MATERIAL FOR THIS TASK:
++++++++

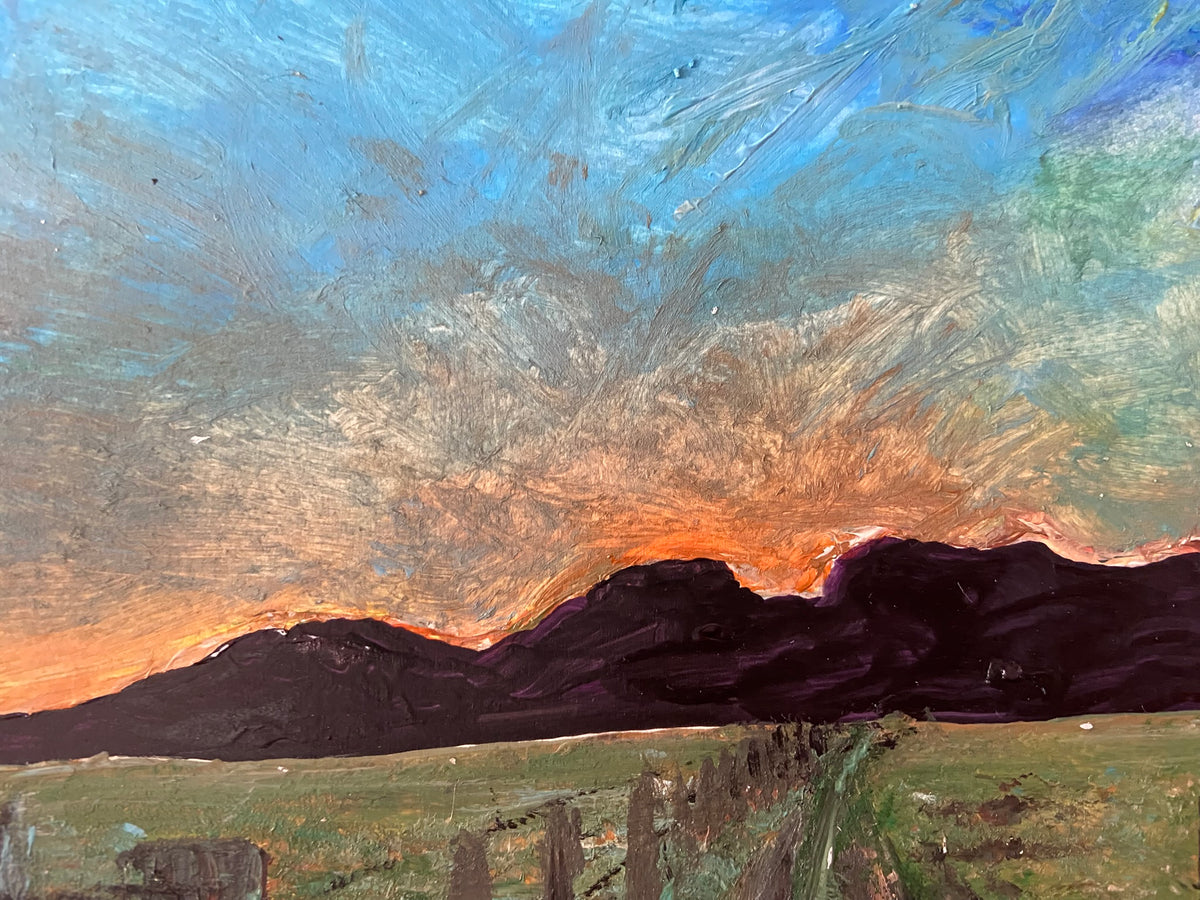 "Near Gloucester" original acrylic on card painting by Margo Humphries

++++++++

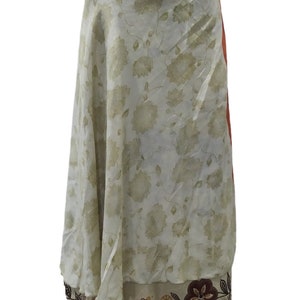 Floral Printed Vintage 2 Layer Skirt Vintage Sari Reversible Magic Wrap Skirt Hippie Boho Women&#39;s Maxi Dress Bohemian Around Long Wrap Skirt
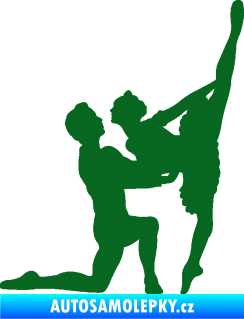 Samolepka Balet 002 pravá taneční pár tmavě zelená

++++++++

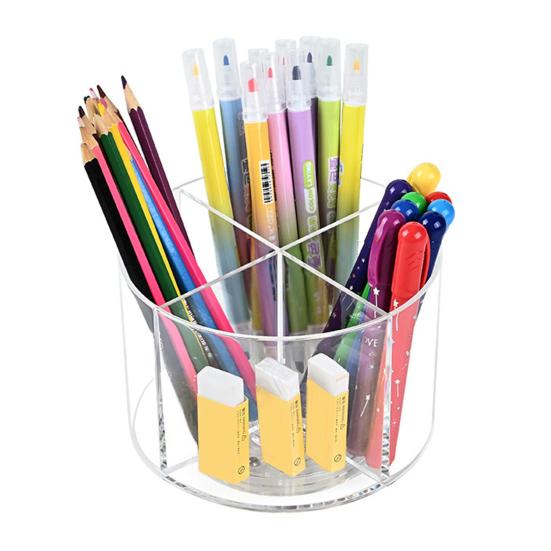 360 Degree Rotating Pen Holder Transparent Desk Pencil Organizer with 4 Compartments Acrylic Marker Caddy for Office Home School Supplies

++++++++

EXERCISE GOAL:
Repeat exactly the lines above, beginning at the one containing "Floral Printed Vintage" and ending at the one containing "Samolepka Balet 002". Do not carry over any pictures.

ANSWER TO THE EXERCISE:
 Floral Printed Vintage 2 Layer Skirt Vintage Sari Reversible Magic Wrap Skirt Hippie Boho Women&#39;s Maxi Dress Bohemian Around Long Wrap Skirt
 Samolepka Balet 002 pravá taneční pár tmavě zelená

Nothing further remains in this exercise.